ACC Minister Nick Smith announced yesterday that the rules would be reviewed by a four-person panel chaired by former Mental Health Commissioner Dr Barbara Disley.
The other panel members are Auckland University psychiatrist Professor Graham Mellsop, Ruth Herbert of the lobby group Roundtable on Violence Against Women and psychologist Clive Banks of Porirua Maori mental health agency Rangataua Mauriora.
The co-chair of the national sexual violence network, Dr Kim McGregor, said the team did not include anyone who worked day to day with survivors of sexual violence.
The network had nominated Louise Nicholas, a high-profile survivor who is now an advocate with Rape Prevention Education, alongside psychologists Nicola Gavey and Fred Seymour, High Court Judge Ailsa Duffy and Maori lawyer Moana Jackson.

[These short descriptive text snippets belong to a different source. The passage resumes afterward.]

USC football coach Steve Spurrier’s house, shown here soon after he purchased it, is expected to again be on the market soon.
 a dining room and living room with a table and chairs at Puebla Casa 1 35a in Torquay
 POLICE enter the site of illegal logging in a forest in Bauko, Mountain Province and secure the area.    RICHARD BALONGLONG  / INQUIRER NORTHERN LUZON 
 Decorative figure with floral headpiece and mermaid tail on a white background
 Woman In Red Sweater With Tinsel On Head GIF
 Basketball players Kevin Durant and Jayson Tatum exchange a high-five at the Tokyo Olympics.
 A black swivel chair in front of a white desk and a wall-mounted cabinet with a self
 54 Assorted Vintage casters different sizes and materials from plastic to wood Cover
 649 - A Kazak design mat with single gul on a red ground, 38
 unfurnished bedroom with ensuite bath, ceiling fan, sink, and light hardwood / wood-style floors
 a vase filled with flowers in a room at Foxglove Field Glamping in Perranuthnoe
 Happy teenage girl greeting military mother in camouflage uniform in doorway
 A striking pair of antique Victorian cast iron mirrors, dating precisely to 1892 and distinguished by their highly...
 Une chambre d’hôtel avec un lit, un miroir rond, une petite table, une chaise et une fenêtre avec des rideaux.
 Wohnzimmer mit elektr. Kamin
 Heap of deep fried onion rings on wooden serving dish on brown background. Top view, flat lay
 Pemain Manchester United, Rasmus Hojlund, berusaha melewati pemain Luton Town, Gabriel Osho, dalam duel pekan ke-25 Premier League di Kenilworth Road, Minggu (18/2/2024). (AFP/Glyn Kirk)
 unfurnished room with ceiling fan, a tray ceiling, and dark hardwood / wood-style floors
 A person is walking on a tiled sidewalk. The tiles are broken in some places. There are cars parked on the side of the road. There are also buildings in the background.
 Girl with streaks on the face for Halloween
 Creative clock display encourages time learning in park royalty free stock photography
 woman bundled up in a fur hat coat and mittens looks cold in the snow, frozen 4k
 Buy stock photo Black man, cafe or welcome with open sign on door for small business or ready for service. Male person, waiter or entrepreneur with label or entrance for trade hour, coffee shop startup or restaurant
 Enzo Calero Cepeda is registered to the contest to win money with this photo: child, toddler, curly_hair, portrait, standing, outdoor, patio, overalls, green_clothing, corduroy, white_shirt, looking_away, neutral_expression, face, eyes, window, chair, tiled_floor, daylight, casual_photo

"None of our specialist experts that work day to day with survivors of sexual violence, and have done for decades, have been chosen to be part of this review," Dr McGregor said.
She said the rules had caused a virtual "collapse" of sexual abuse counselling, with cases approved by ACC down from 472 in the first two months of last year to just 32 in the same period this year.
The Association of Counsellors' representative on the ACC's sensitive claims advisory group, Elayne Johnston, said a 15-year-old girl who was raped over Christmas had still not received counselling because ACC required her to be assessed by a psychologist to see whether she had suffered a "mental injury".
Dr McGregor said almost all of the 600 to 700 private counsellors who were registered for ACC-funded work had stopped taking applicants for ACC subsidies since the new rules took effect because of an ethical objection to labelling assault victims as mentally ill.
Survivors were now going to rape crisis agencies instead, but the agencies could not cope because they had also lost funding.
The review panel has been asked to identify any changes required to "ensure that ACC is delivering timely decision-making and services to clients with a mental injury caused by sexual assault or sexual abuse".
It is due to report to Dr Smith by July 31.